Created attachment 11726 [details] valid PDF file, rectangle is outside text block
Created attachment 11727 [details] invalid PDF file, rectangle inside text block
The file is, as noted previously, very invalid. We had previously addressed teh problems with ext blocks inside text blocks, and with images being drawn inside text blocks, however the missing lines are caused by linework being drawn inside a text block (all of these cases contravene the PDF specification). We can (and a future commit will) fix the missing lines. The final problem with the missing blocks of text at the bottom of the page is due to the way that Acrobat apparently works internally. PDF content streams are processed sequentially, each object is drawn as it is defined. In this case we have a situation where text is drawn, and in the same text block an image is drawn which lies on top of the text. What we would expect to happen (and does with Ghostscript, Apple Preview, MuPDF, poppler, pdf.js and every other PDF consumer we've tried) is that the text should be obscured by the image. Acrobat, however, seems to draw the image *before* drawing the text, even though the image comes after the text in the PDF file. From this it would seem that Acrobat is delaying emitting the text until it reaches the 'ET', but draws other objects (which should, after all, not be present) immediately. The attached files valid.pdf and invalid.pdf demostrate this (though using a black rectangle instead of an image. The only difference between the two is whether the rectangle is drawn inside or otuside the text block. Attempting to emulate his behaviour would involve some considerable rewriting of the PDF interpreter and likely negative performance implications for text rendering in all cases. In other words we would reduce the performance only in order to emulate undocumented behaviour of Acrobat when faced with an invliad PDF file. I'm reluctant to try and do this at will take some time to implement, likely lead to performance degradation and will undoubtedly introduce other bugs.

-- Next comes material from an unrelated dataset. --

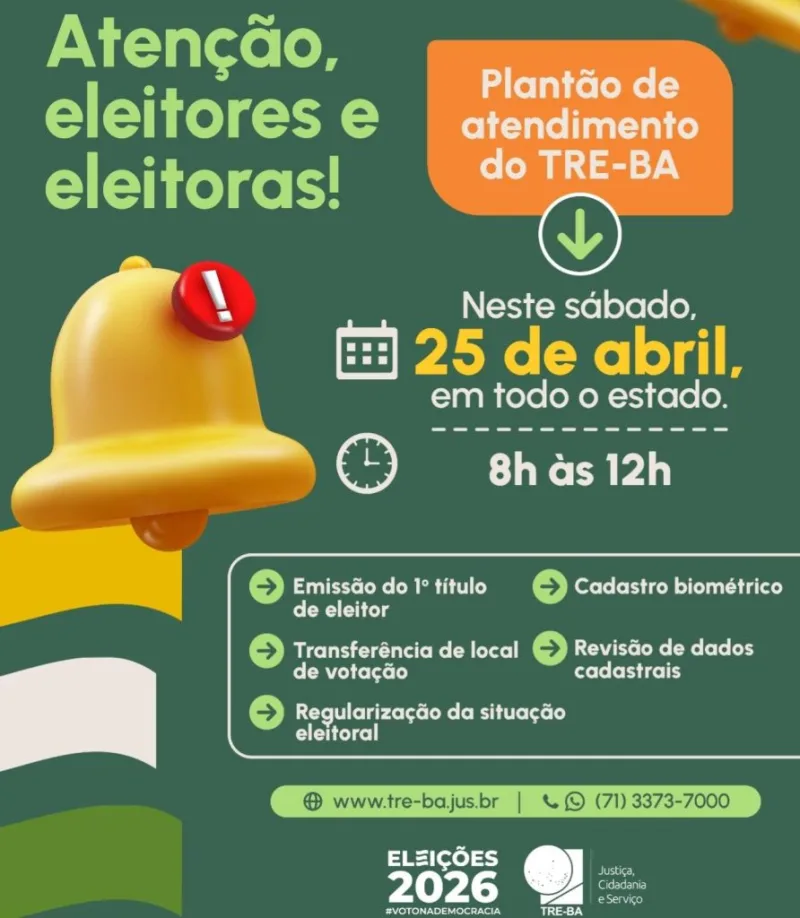 Precisa regularizar o título de eleitor? O Cartório Eleitoral de Mucuri realiza plantão no próximo sábado, dia 25 de Abril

Commit 72ca9b670f70cfaad1a299f891d03a313143cc3c resolves the missing strokes (and caters for other path constructors like 're'). This has been quite difficult to work around, taking several days to get working without breaking anything else. We don't really support nested text blocks (because the spec says quite unambiguously that they are illegal) and simply terminate the earlier one if we find a BT inside a BT. Further changes in this area are likely to be nigh impossible without breaking other files. We would have to rewrite the text handling. I intend to have one attempt at mimicking the bizarre Acrobat behaviour where it images text only at the ET, meaning the z-ordering of objects is wrong. If I can't make that work reasonably easily I'm going to give up on it.
I've come to the conclusion that the insane Z-ordering performed by Acrobat is impossible for us to reproduce. In order to do so we would somehow have to arrange to execute text blocks which contain non-text operations twice. The first time through we'd draw everything, then we'd go back and only draw the text operations, thus ensuring they come out on top. This means repositioning the current execution pointer. But we can't do that for a compressed stream (eg Flate) because we would have to go right back to the first compressed byte and decompress until we reached the point we want to get to. The way our PDF interpreter works that's essentially impossible. We could code it, but it would mean rewriting the entire interpreter so that every stream can be rewound, or so that every stream is a reusable stream. That's probably a couple of years of work, with a might long bug tail afterwards. And the easy answer of using a reusable stream throughout would probably have negative performance implications. The PDF file is invalid, and we now do the best we can with it. That's as good as its going to get.